WHAT YOU WILL DO:
Beginning with the line where "Heinz-Josef Lenz with" appears, retype every remaining line of the data below, both the first and last included.

AVAILABLE DATA:
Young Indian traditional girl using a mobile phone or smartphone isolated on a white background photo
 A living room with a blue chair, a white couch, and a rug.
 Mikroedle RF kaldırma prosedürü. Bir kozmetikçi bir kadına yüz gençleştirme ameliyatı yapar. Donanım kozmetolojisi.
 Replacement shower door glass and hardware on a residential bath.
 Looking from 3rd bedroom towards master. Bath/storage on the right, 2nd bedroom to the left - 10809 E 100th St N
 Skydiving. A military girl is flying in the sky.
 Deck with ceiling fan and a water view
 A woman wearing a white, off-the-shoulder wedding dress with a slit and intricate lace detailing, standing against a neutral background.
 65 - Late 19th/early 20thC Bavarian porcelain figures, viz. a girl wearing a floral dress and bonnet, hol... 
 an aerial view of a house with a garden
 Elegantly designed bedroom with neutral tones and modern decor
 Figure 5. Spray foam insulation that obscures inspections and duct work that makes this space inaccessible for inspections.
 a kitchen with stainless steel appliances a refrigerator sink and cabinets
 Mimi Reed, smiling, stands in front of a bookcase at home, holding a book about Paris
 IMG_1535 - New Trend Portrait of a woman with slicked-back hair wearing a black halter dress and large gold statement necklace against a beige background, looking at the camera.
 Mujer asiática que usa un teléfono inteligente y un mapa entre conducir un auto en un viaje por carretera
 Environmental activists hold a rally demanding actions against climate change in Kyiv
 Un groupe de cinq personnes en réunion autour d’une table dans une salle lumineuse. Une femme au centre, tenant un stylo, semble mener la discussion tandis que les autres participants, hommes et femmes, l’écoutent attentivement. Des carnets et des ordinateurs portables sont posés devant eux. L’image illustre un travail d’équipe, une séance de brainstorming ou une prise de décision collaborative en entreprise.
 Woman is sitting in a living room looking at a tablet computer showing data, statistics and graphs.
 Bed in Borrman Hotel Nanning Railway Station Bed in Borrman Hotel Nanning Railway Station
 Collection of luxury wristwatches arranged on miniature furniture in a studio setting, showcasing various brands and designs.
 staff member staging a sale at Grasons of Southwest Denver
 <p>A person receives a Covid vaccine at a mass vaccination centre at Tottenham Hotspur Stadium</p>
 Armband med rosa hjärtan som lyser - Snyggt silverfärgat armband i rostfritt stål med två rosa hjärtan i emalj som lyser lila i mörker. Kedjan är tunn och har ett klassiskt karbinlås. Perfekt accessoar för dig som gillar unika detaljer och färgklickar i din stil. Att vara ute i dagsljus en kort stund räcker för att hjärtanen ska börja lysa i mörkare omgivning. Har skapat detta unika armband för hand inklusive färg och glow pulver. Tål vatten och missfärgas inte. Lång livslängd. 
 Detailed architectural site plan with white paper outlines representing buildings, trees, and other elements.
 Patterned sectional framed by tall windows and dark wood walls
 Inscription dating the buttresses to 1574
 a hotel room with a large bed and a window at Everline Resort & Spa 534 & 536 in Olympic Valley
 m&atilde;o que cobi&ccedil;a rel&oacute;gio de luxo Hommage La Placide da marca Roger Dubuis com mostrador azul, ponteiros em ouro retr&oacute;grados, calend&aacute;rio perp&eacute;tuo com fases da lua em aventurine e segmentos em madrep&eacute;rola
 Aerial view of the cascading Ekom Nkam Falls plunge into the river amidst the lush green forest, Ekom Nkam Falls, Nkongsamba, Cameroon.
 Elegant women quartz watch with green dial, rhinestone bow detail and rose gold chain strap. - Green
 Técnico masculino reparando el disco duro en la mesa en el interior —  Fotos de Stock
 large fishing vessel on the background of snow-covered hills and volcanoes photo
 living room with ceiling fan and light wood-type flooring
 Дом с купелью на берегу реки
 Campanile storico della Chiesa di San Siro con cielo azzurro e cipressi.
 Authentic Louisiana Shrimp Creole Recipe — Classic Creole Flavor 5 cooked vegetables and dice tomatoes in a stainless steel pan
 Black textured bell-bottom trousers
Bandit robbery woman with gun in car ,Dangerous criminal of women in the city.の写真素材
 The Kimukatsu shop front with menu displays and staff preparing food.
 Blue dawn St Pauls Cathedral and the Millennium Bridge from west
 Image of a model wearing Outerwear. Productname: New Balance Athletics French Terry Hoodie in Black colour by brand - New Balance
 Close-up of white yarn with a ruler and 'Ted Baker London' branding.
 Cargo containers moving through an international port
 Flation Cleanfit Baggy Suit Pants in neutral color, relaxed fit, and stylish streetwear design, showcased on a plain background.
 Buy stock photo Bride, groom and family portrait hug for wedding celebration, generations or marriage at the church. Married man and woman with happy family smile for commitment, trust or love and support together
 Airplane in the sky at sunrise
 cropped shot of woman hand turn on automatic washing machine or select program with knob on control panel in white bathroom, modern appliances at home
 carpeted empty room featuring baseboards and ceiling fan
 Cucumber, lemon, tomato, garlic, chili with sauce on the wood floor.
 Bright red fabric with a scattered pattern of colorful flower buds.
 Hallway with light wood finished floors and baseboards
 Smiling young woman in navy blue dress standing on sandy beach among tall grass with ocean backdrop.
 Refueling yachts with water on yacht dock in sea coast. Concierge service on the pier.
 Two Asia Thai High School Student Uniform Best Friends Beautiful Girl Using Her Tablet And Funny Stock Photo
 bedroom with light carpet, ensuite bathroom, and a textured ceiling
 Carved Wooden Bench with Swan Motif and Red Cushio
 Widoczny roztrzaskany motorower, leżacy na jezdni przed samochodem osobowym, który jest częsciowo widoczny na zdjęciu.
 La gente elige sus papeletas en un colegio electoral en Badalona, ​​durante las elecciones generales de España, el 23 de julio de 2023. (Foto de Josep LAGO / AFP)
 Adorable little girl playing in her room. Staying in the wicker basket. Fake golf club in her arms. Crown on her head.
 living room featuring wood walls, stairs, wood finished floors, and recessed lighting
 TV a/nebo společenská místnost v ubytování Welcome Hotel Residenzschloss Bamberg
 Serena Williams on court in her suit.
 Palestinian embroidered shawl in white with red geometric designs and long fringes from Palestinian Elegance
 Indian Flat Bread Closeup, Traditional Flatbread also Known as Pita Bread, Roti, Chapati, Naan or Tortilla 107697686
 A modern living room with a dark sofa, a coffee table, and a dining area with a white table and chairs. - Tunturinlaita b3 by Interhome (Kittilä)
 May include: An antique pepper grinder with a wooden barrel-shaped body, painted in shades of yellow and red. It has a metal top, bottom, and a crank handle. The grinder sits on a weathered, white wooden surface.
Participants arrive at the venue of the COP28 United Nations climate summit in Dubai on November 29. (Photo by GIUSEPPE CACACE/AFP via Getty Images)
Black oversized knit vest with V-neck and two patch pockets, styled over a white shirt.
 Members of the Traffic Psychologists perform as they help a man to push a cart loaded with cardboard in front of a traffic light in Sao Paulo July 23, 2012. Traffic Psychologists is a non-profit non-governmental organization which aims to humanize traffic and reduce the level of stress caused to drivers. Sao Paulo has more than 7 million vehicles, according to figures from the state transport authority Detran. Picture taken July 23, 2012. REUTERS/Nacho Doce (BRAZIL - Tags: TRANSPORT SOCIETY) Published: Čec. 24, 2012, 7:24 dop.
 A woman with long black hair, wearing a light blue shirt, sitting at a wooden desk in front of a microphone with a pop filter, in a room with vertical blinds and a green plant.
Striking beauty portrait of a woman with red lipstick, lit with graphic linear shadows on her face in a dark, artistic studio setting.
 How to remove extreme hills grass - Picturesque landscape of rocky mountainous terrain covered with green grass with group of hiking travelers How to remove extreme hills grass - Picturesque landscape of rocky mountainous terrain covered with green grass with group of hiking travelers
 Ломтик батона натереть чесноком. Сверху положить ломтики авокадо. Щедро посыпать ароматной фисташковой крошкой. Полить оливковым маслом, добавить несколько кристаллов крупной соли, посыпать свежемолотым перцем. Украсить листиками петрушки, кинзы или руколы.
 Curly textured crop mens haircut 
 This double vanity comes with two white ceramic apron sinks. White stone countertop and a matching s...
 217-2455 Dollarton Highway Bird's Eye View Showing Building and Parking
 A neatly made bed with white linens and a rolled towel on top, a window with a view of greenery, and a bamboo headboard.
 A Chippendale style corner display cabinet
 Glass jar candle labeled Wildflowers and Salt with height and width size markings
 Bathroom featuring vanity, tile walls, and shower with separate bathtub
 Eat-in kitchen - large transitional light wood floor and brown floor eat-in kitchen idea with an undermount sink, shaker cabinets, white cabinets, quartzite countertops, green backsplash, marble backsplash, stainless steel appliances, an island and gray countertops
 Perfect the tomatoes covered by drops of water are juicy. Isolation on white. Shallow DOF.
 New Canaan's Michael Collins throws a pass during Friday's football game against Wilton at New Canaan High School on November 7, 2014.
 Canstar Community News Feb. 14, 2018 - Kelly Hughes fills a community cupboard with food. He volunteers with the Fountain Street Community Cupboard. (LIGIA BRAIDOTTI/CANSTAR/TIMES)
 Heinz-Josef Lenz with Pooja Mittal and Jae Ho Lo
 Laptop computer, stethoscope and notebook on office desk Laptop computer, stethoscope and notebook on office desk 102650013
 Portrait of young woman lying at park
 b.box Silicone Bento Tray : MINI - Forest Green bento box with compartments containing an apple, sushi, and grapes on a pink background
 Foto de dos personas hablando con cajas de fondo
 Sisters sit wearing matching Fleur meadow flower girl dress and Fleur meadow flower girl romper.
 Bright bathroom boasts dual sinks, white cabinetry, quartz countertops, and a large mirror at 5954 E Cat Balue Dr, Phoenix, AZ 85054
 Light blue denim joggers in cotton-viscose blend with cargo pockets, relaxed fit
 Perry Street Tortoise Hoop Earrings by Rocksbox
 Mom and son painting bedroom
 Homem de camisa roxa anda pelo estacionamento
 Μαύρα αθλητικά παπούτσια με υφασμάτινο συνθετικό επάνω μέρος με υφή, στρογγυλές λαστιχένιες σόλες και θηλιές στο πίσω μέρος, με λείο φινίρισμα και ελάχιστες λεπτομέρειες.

RESPONSE TO THE EXERCISE:
 Heinz-Josef Lenz with Pooja Mittal and Jae Ho Lo
 Laptop computer, stethoscope and notebook on office desk Laptop computer, stethoscope and notebook on office desk 102650013
 Portrait of young woman lying at park
 b.box Silicone Bento Tray : MINI - Forest Green bento box with compartments containing an apple, sushi, and grapes on a pink background
 Foto de dos personas hablando con cajas de fondo
 Sisters sit wearing matching Fleur meadow flower girl dress and Fleur meadow flower girl romper.
 Bright bathroom boasts dual sinks, white cabinetry, quartz countertops, and a large mirror at 5954 E Cat Balue Dr, Phoenix, AZ 85054
 Light blue denim joggers in cotton-viscose blend with cargo pockets, relaxed fit
 Perry Street Tortoise Hoop Earrings by Rocksbox
 Mom and son painting bedroom
 Homem de camisa roxa anda pelo estacionamento
 Μαύρα αθλητικά παπούτσια με υφασμάτινο συνθετικό επάνω μέρος με υφή, στρογγυλές λαστιχένιες σόλες και θηλιές στο πίσω μέρος, με λείο φινίρισμα και ελάχιστες λεπτομέρειες.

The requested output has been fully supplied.